Softmax loss function (for a full explanation see Lecture 3b’s introduction)

\[\begin{eqnarray*} F(\mathbf{W}) & = & \sum_{n=0}^N \langle \mathbf{x}_n, \mathbf{w}_{_{\mathbf{\cal{L}}_n}} \rangle + \sum_{n=0}^N \log\left( \sum_{l=0}^{L-1} \mbox{e}^{ -\langle \mathbf{x}_n, \mathbf{w}_{l} \rangle }\right) \end{eqnarray*}\]

where
- \(\mathbf{W} \in \mathbb{R}^{L \times S }\)
- \(L\) represent the number of classes
- \(S\) represent the number of ‘features’
- \(\mathbf{X} \in \mathbb{R}^{N \times S }\) represents the training dataset,
and
- \(\mathbf{w}_l\) represents the l-th column of matrix \(\mathbf{W}\).
- \(\mathbf{x}_n\) represents one training data.

Useful routines

\[\begin{eqnarray*} F(\mathbf{W}) & = & \frac{1}{N}\left( \sum_{n=0}^N \langle \mathbf{x}_n, \mathbf{w}_{_{\mathbf{\cal{L}}_n}} \rangle + \sum_{n=0}^N \log\left( \sum_{l=0}^{L-1} \mbox{e}^{ -\langle \mathbf{x}_n, \mathbf{w}_{l} \rangle }\right) \right) + \lambda \| \mathbf{W} \|_F^2 \end{eqnarray*}\]
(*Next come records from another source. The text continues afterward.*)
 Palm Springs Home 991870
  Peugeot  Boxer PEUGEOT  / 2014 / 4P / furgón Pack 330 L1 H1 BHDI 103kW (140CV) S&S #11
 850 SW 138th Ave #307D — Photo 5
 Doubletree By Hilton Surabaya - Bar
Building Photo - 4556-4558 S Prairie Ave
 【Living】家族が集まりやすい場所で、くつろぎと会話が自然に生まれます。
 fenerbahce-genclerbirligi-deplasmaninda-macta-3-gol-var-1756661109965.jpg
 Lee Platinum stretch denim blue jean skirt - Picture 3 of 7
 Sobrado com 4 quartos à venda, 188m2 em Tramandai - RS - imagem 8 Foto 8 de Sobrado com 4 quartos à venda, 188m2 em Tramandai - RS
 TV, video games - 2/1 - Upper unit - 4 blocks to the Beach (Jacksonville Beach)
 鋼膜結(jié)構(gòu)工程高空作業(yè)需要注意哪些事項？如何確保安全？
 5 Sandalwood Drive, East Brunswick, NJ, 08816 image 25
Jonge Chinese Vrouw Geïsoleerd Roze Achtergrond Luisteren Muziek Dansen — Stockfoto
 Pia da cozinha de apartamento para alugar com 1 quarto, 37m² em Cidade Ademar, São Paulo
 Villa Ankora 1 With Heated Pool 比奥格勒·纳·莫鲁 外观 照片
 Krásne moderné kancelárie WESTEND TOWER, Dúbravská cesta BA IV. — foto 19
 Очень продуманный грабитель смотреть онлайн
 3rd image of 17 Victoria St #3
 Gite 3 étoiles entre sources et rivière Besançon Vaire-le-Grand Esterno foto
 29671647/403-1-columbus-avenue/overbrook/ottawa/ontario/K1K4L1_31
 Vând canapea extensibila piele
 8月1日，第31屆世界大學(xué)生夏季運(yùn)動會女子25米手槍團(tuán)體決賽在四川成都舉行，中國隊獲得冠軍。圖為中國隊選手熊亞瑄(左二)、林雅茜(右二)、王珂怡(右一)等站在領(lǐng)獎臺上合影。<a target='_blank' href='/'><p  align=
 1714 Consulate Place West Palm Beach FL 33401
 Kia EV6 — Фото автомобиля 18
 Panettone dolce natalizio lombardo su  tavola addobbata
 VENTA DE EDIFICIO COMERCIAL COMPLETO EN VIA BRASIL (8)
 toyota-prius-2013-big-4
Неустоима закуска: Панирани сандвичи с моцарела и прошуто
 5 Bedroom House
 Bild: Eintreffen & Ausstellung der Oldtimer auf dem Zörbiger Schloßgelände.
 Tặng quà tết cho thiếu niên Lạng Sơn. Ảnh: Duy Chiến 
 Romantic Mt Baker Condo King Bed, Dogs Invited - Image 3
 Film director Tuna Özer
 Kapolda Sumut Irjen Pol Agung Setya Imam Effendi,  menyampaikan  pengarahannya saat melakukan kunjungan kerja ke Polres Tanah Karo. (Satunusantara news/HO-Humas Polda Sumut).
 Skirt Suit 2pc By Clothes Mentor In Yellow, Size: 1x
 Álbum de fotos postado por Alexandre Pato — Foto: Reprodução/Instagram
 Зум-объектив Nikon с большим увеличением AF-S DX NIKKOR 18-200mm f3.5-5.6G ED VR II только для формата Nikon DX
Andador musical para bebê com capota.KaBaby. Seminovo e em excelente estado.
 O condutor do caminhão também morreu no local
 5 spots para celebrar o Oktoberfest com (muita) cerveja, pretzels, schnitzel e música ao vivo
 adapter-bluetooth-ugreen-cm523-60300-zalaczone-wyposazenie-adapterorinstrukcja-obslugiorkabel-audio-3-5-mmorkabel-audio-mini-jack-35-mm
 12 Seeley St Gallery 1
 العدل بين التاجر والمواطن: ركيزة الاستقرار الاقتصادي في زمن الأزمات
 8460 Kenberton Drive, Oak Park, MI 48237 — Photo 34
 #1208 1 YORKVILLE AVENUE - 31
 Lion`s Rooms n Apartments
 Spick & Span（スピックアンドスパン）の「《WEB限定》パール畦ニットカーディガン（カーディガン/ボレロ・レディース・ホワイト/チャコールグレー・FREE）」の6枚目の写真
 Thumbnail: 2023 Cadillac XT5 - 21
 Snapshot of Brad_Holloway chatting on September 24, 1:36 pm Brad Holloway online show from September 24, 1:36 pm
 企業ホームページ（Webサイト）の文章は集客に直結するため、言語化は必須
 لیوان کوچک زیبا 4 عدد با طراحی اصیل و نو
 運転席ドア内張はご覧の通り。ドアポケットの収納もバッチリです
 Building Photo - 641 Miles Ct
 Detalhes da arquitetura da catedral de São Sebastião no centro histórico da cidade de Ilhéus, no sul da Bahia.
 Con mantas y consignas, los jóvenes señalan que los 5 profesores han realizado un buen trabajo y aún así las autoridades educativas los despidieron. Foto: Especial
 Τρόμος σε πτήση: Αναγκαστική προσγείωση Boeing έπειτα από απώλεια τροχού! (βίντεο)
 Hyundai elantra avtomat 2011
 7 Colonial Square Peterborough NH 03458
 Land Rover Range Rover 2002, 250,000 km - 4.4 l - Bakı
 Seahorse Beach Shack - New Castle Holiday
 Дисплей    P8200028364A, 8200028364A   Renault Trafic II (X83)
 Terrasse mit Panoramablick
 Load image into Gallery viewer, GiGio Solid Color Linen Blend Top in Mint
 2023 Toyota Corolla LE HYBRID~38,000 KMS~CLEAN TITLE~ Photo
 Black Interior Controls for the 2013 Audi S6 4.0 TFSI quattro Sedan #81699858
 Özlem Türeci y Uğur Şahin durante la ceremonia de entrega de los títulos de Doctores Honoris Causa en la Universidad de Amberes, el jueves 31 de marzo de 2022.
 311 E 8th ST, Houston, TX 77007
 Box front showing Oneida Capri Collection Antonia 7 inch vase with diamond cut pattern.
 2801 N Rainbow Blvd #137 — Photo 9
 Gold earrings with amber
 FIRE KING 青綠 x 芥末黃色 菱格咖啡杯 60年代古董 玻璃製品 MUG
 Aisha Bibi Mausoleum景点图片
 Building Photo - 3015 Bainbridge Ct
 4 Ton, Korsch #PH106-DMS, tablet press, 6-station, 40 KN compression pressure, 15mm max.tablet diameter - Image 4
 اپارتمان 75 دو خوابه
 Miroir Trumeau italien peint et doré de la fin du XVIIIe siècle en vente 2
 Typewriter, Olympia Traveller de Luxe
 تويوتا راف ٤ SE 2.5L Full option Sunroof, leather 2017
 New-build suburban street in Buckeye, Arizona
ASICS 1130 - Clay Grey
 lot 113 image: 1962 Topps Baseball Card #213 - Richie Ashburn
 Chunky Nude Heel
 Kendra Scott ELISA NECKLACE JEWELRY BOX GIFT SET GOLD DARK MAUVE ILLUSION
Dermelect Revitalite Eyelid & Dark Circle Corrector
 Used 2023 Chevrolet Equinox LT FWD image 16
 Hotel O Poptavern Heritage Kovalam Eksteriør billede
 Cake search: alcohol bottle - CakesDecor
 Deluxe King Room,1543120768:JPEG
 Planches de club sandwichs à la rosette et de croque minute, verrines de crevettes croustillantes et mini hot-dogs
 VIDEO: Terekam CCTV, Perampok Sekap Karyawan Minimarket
def softmax_L2_cost(X, Y, W, lmbd):

    fCost = np.sum(np.log(np.sum(np.exp(-X.transpose().dot(W)), axis=1)))
    fCost += np.sum( X*W[:,Y] )

    fCost /= float(X.shape[1])

    if lmbd > 0:
       fCost += lmbd*(sum( np.power(W.ravel(),2) ))/float(X.shape[1])

    return fCost

\[\begin{eqnarray*} g(\mathbf{W}, {\cal{I}}_k) & = & \frac{1}{\#{\cal{I}}_k} \sum_{n \in {\cal{I}}_k} \nabla f_n(\mathbf{W}) \\ & & \\ f_n(\mathbf{W}) & = & \langle \mathbf{x}_n, \mathbf{w}_{_{\mathbf{\cal{L}}_n}} \rangle + \log\left( \sum_{l=0}^{L-1} \mbox{e}^{ -\langle \mathbf{x}_n, \mathbf{w}_{l} \rangle }\right) + \lambda \| \mathbf{W} \|_F^2 \end{eqnarray*}\]

def softmax_L2_grad(X, Y, W, n, lmbd):

    z = X[:,np.ix_(n)].squeeze(1)      # select batch elements

    g = -z.dot( softmax(-z.transpose().dot(W),axis=1) )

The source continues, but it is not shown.